DATASET SECTION -
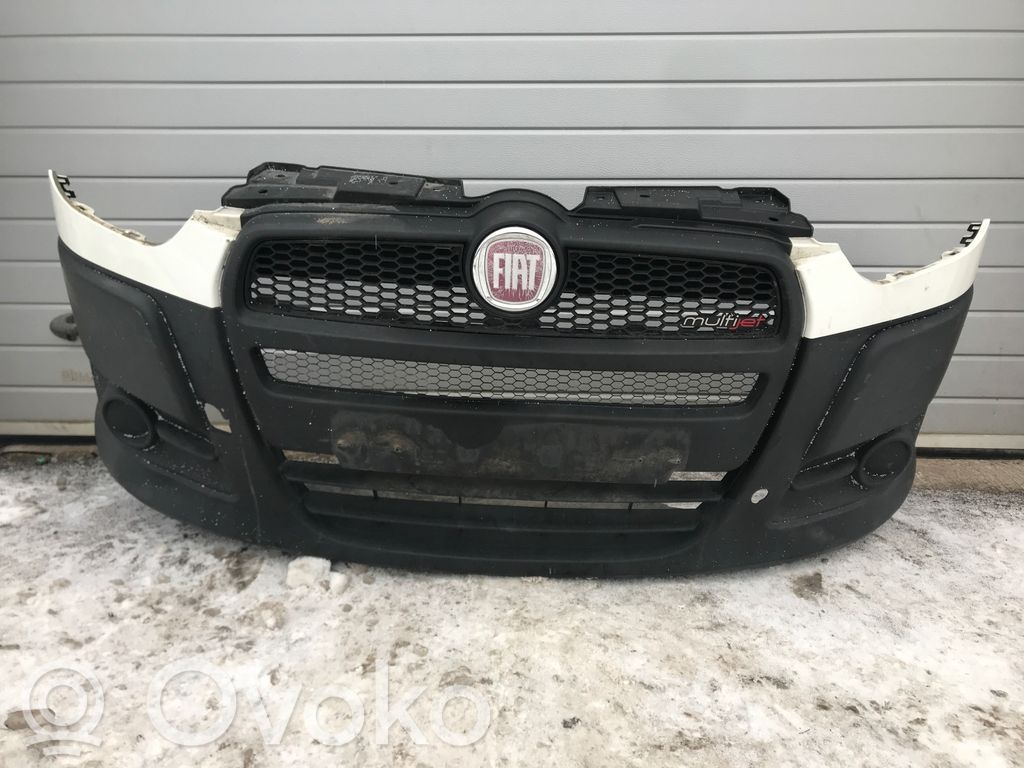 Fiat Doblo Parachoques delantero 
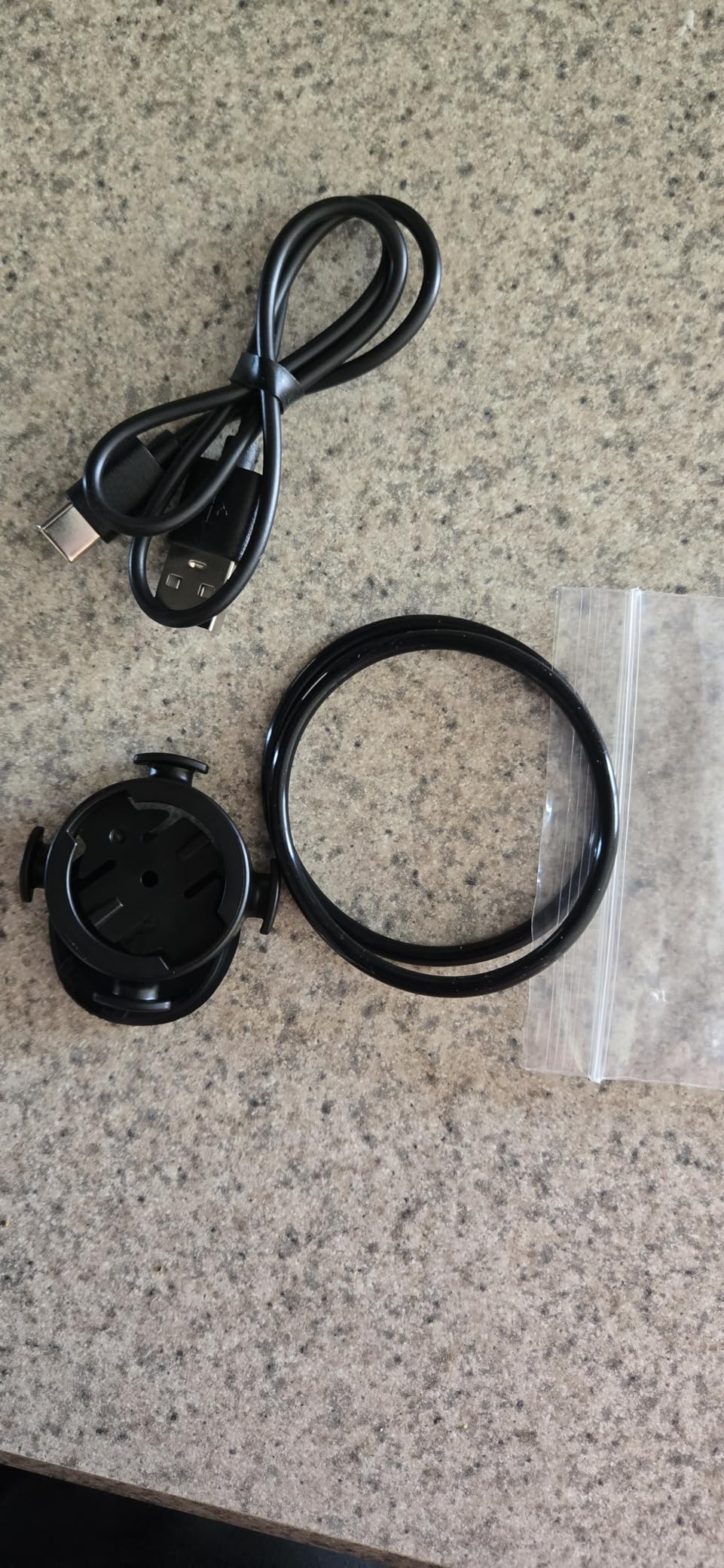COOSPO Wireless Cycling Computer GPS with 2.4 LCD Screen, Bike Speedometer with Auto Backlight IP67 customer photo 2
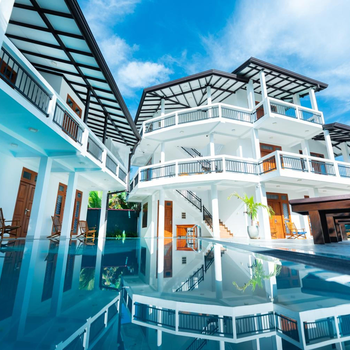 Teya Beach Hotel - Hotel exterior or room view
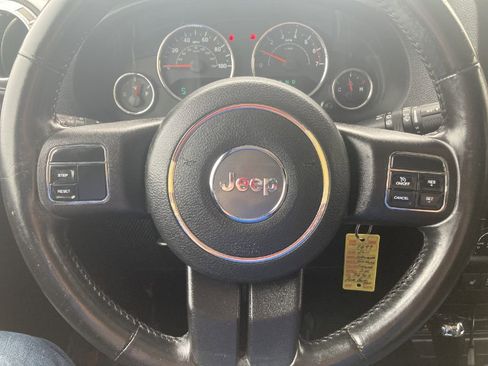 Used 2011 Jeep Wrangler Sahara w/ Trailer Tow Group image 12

YOUR TASK - From the material above, output every line exactly as written, dropping any picture.

ANSWER SECTION -
 Fiat Doblo Parachoques delantero 
COOSPO Wireless Cycling Computer GPS with 2.4 LCD Screen, Bike Speedometer with Auto Backlight IP67 customer photo 2
 Teya Beach Hotel - Hotel exterior or room view
 Used 2011 Jeep Wrangler Sahara w/ Trailer Tow Group image 12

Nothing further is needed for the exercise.